En el bautismo que recibió Jesús, de manos de Juan el Bautista, se pone en evidencia un hecho que no admite discusión. A partir del momento en que Jesús fue bautizado por Juan, la vida de Jesús cambió por completo. Hasta entonces, Jesús había sido un campesino galileo, ignorante, desconocido, que pasó inadvertido, incluso para los paisanos de su propio pueblo e incluso para su misma familia. Esto quedó patente en la primera visita que Jesús hizo a su familia y a sus paisanos después del bautismo (Mc 6, 1-6; cf. Mt 13. 53-58; Lc 4, 16-30).
Esto supuesto, la primera pregunta que se plantea es obvia: si Jesús no tenía pecado, según afirma la carta a los hebreos (4, 15), ¿para qué se hizo bautizar?. Por supuesto, no se bautizó para cambiar de vida. Por la sencilla razón de que un ritual religioso por sí solo —aunque lo administre un santo como Juan Bautista—, eso no cambia la vida de nadie. Lo que cambia la vida es la “conversión”, el “cambio de mentalidad”, que era el cambio que pedía Juan Bautista (Mc 1, 2-8; Mt 3, 1-12; Lc 3, 1-18; Jn 1, 19-28).

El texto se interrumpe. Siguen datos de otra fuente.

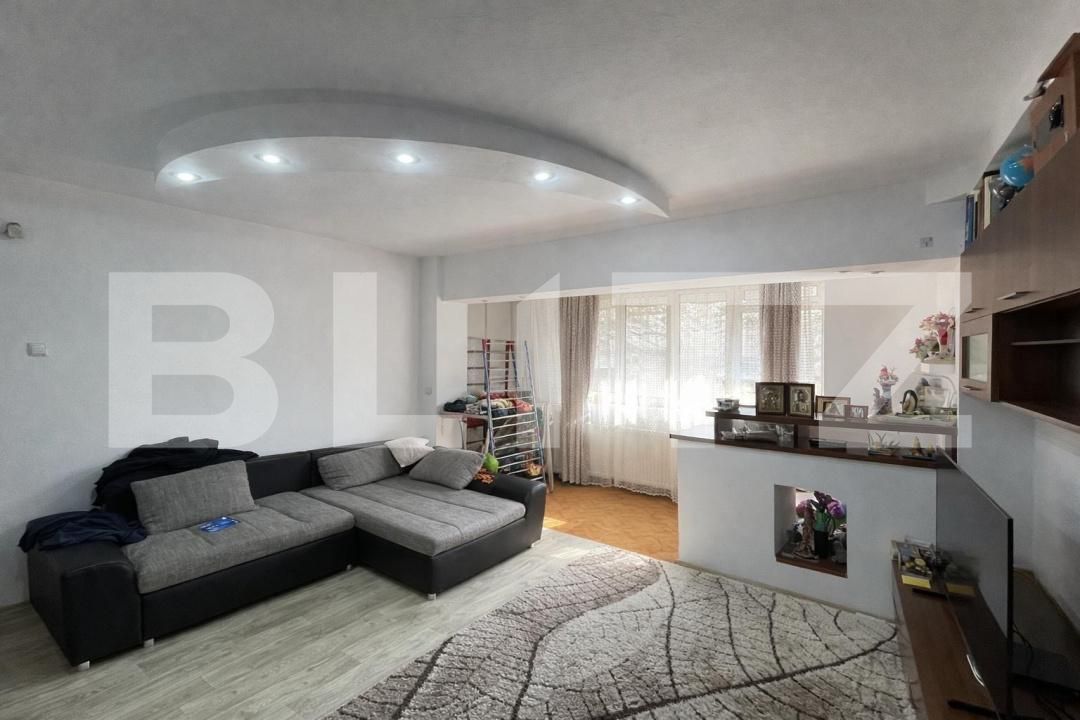 Apartament de vânzare 3 camere Rovine - 191673AV | BLITZ Craiova | Poza2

Esto supuesto, Jesús se puso entre los pecadores que necesitaban conversión, porque se identificó con el pueblo, con “los publicanos y las prostitutas” (Mt 21, 31-32). Y así, identificado con los más despreciados y desde la situación de ellos, Jesús vivió la profunda experiencia del Padre, que le llamó su “Hijo predilecto” (Lc 3, 21-22). Jesús vio que en él se cumplía la promesa anunciada por Is 42, 1-4: el Padre le destinó, con la fuerza del Espíritu, a “promover el derecho en las naciones” (Is 42, 1. 3), a “implantar el derecho” (Is 41, 3). Desde aquel momento, su vida cambió radicalmente. Allí vio Jesús lo que representaba su “Buena Noticia”, el proyecto del “Reinado de Dios”. Y a eso se dedicó por entero.